Cyber security needs “rascals” not hand-raisers who won’t question authority. But the problem is that the education system is not typically geared towards generating the kind of rebellious spirits that the sector needs, according to UNSW professor of cyber security Richard Buckland.
Universities have been struggling to train cyber security pros because “to be a good cyber security student, you have to be a rascal,” he told the SECedu summit at UNSW.
“Someone says to you, ‘Don't do this’ and you go ‘Oh okay’ and you go and do it. That's a cyber security student.”
To teach at scale the education system typically employs an approach to students that’s akin to “battery chickens,” Buckland said. “We try and get everyone treated the same and doing the same thing, and to make that manageable everyone has to obey the rules, everyone has to say the right answer; there’s just one answer, things to be markable have to have a limited range of options.”
“We want people who are good and compliant and seek to please us as teachers, who give us the answer we want,” he said. “The troublemakers actually cause all sorts of problems and are really hard and expensive to teach. Yet it's troublemakers we want.”
“So how do you produce rascals?” Buckland asked. “Often these people haven't even done well at high school, because they didn't want to please the HSC system. Often to please the HTC system, you almost have to give up some of this sense of being cheeky.”
One approach that Buckland has used is getting students to teach each other: “We create a warm, and here’s a silly word I’m going to say, loving community of students who care for each other and who look after each other and follow this philosophy of paying it forward.

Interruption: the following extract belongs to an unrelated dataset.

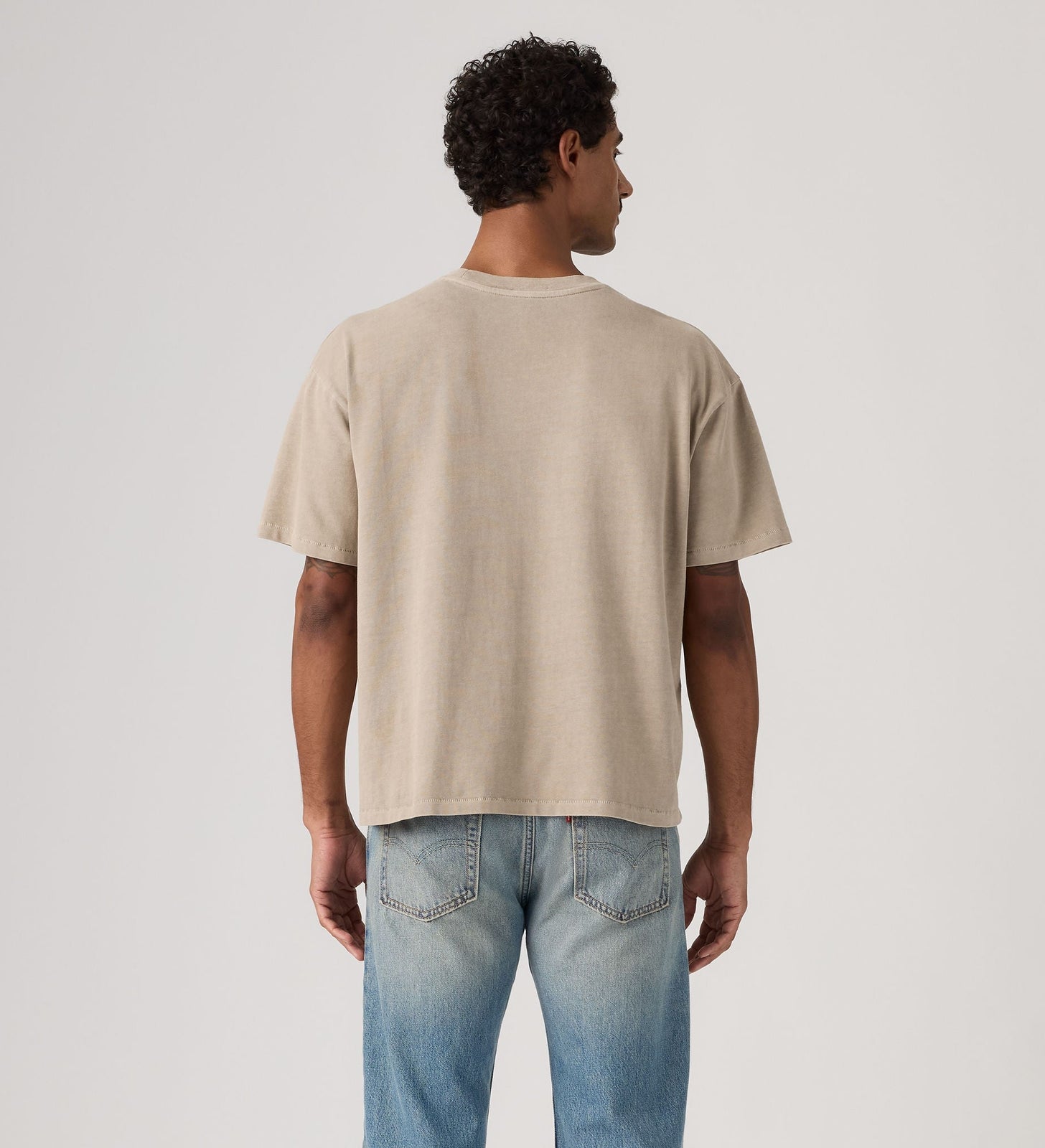 Main 2 - Levi's® Men's Boxy Short-Sleeve Tee - 0049F0039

“Our older students help younger students, and the younger students when they grow up, they help the next generation of younger students.”
That attitude of supporting each other follows them into industry, he said. “And we just make it fun,” he added.
“There’s many problems in cyber space; there’s many issues in cyber security that we have to deal with,” Buckland told the conference. In many cases those issues can be dealt with, given enough time and money, Buckland said.
“The biggest problem we’ve got is that we don't have enough people,” the UNSW academic told the conference. “We don't have enough hands.”
“I think all the problems we're facing are solvable, if only we had hands to do them,” he said. As a result he believes cyber security education “is, in fact, the problem of cyber security.”
“I don't know anyone here that employs people that has enough cyber security people and if so you just must pay them lots of money and have stolen from somewhere else; you've tugged the blanket over to your side of the bed, but the blanket is too small for the bed and someone else is cold,” Buckland said.
The shortage of cyber security professionals is a worldwide problem, he added.
The latest edition of AustCyber’s Cyber Security Sector Competitiveness Plan found the local sector was grappling with an immediate shortage of 2300 people. Australia is expected to need up to 17,600 additional cyber security workers by 2026, according to the SCP.
Buckland said there are four key issues that need to be addressed.
“One, the funnel is too small,” he said. “We’re not getting enough people doing STEM... we’re not getting a diverse enough range of people even potentially interested in doing cyber security. So coming in at the beginning, this is very small number of people trying to even select it as a career.”
Secondly, universities “don't really know how to teach it”. “We’re not really very good at teaching it,” he told the conference.
Thirdly is the question of making sure students graduate with work-ready skills: “A lot of my students go and they’re the only security person in their company. They can’t be slowly mentored like in other disciplines by experienced people; they’re alone. The buck stops with them.”
Fourthly is a broader problem than just the lack of cyber security professionals: It’s the widespread lack of understanding of security and the digital world
“That’s even more worrying for me,” he said, “because cyber security, the digital world, the threats of it, affect every human on the planet.”
“It affects children and parents and grandparents,” Buckland said. “Children are giving up data and losing data privacy now in ways they’ll never get back. People are being scammed; elderly people are losing their superannuation.”
“I think it's like crossing the road: I don't think cyber security now is something for cyber professionals, though we need more of them, heaven knows. I think cyber security is something to be a citizen. It's like knowing good nutrition. It's a set of skills that we need to have.”
The problem is that cyber “has appeared so abruptly out of the blue” and that outside of infosec experts there’s no-one able to pass on fundamental survival skills.